The words to delete from your resume ASAP
What are your least favorite resume words? My own is “utilize” — there isn’t a single instance I can think of where it would be inappropriate to substitute “use.” Every time I read “utilize” on a resume I always feel like the writer is trying to be unnecessarily fancy.
Answer below by Erin Berkery-Rovner, career advisor and former recruiter.
Various. It is single-handedly the most useless adjective on a resume — it essentially boils down to saying nothing new about the nouns that it prefaces.
Worked on various projects.
Held various jobs over the course of the internship.
Used various word processing programs.
Wrote various words on my resume to sound important.
In almost any example I can think of, it replaces the word ‘different’ — people are using it to demarcate separate projects they worked on or duties they performed.
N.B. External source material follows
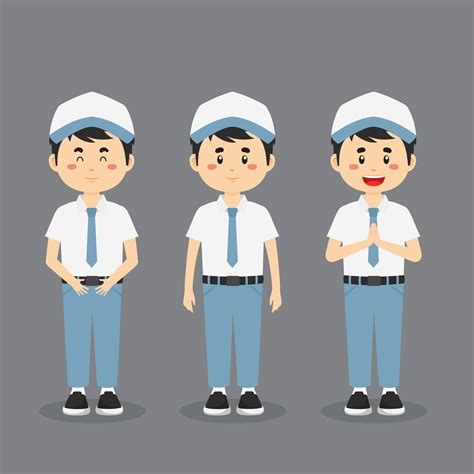 Indonesian Senior High School Character with Expression 3317470 Vector ...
Except if you were to write the word ‘different’ instead of various, your resume would come off like a sullen teen:
I worked on a few different projects, but whatever, they weren’t really descriptive, just various.
I really think that if you are going to use the word various, you should delete it. The difference between this sentence: Worked on various projects, and this one: Worked on projects, is nothing.
Nobody read the second sentence and thought, “Well, they didn’t specifically say that they worked on different disparate projects, so despite the plural nature of the word projects, I’m going to assume that they only worked on one project…” And really with various, why bother? You should be specific or go home. Either tell me how many projects you worked on or what they were.
Let’s face it, do you want to hire this gal: Worked on four monthly projects with collaborative teams. I have no idea what she’s doing except working with people in a project-based environment, but it’s still it’s better than this: Worked on various projects.
I delete various from almost every resume I review, and I have not yet encountered a sentence that didn’t make logical and grammatical sense without it.
Answer below by Quora users Shefaly Yogendra and Sang Young Noh.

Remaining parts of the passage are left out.